» **AIM OF THE TASK**:
Set down exactly, from the records below, the line with "Coach Contrast Trim" through the line with "SF Giants SLICE-N-DICE", and nothing else.

» **SUPPLIED RECORDS**:
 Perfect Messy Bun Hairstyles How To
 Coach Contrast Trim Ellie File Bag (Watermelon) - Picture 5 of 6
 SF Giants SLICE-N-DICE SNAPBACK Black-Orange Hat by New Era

* * *

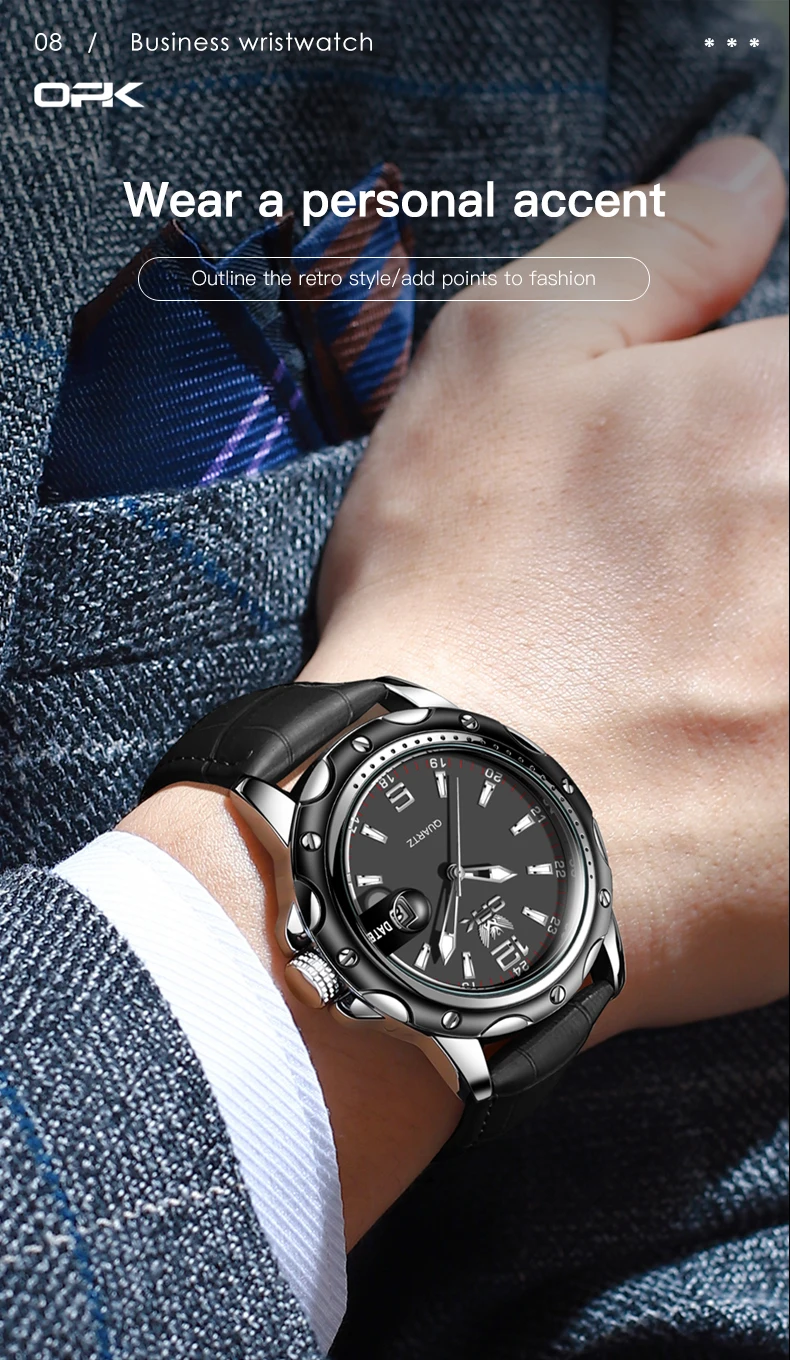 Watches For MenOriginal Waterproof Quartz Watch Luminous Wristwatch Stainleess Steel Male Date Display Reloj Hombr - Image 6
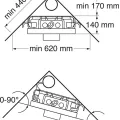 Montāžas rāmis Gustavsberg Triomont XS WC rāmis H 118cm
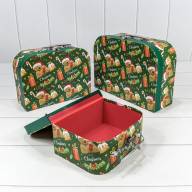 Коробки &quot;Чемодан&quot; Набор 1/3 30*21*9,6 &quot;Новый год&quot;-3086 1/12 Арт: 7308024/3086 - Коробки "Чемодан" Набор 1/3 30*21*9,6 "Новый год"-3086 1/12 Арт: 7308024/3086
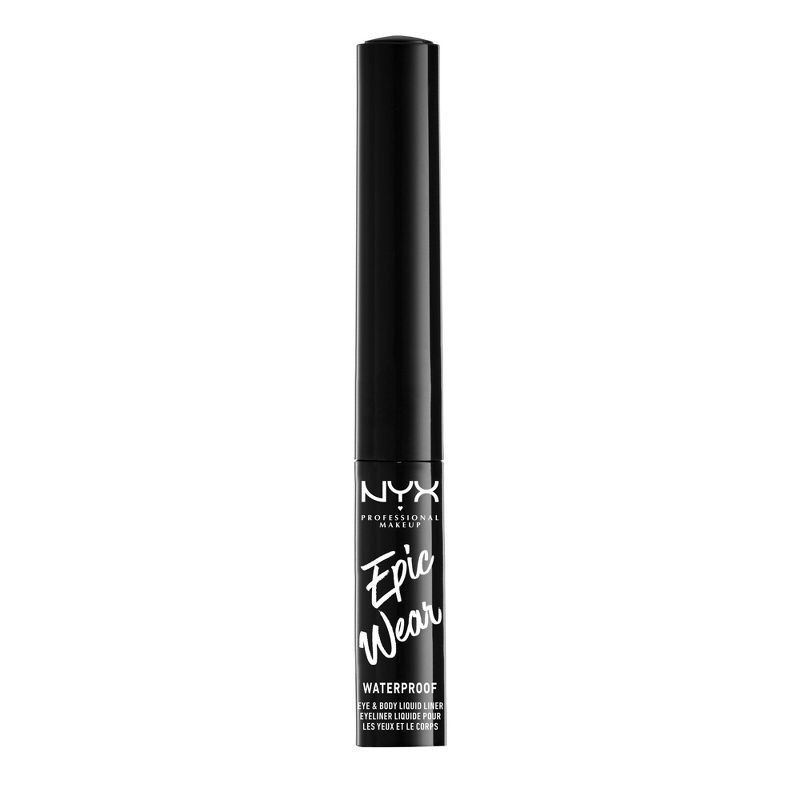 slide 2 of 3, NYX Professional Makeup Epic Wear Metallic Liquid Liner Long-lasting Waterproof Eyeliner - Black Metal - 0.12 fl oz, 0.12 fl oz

» **EXERCISE RESPONSE**:
 Coach Contrast Trim Ellie File Bag (Watermelon) - Picture 5 of 6
 SF Giants SLICE-N-DICE SNAPBACK Black-Orange Hat by New Era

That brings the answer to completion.